### Problem
Transcribe the closing lines of the listing exactly, starting at the one that contains "Free Shipping 10" and including the last.

### Records shown
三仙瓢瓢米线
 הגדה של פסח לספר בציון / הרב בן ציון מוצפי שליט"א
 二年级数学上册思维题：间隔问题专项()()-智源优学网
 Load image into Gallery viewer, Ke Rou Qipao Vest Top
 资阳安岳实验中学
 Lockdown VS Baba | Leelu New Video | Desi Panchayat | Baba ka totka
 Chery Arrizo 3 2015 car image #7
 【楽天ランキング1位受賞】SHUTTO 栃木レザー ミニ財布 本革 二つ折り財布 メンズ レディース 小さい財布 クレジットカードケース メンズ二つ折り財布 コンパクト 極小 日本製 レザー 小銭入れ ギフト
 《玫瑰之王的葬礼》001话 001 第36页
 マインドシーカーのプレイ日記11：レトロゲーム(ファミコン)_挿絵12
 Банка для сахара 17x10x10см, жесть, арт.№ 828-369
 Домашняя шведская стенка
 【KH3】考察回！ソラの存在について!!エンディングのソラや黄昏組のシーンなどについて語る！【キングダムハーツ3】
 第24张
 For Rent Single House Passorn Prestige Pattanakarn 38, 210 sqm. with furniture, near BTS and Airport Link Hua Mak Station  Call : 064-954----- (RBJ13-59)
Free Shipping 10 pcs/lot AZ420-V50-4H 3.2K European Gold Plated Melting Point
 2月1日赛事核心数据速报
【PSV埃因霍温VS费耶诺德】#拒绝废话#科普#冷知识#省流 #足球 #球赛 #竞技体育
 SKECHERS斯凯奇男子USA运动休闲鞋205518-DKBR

### Answer for the task
Free Shipping 10 pcs/lot AZ420-V50-4H 3.2K European Gold Plated Melting Point
 2月1日赛事核心数据速报
【PSV埃因霍温VS费耶诺德】#拒绝废话#科普#冷知识#省流 #足球 #球赛 #竞技体育
 SKECHERS斯凯奇男子USA运动休闲鞋205518-DKBR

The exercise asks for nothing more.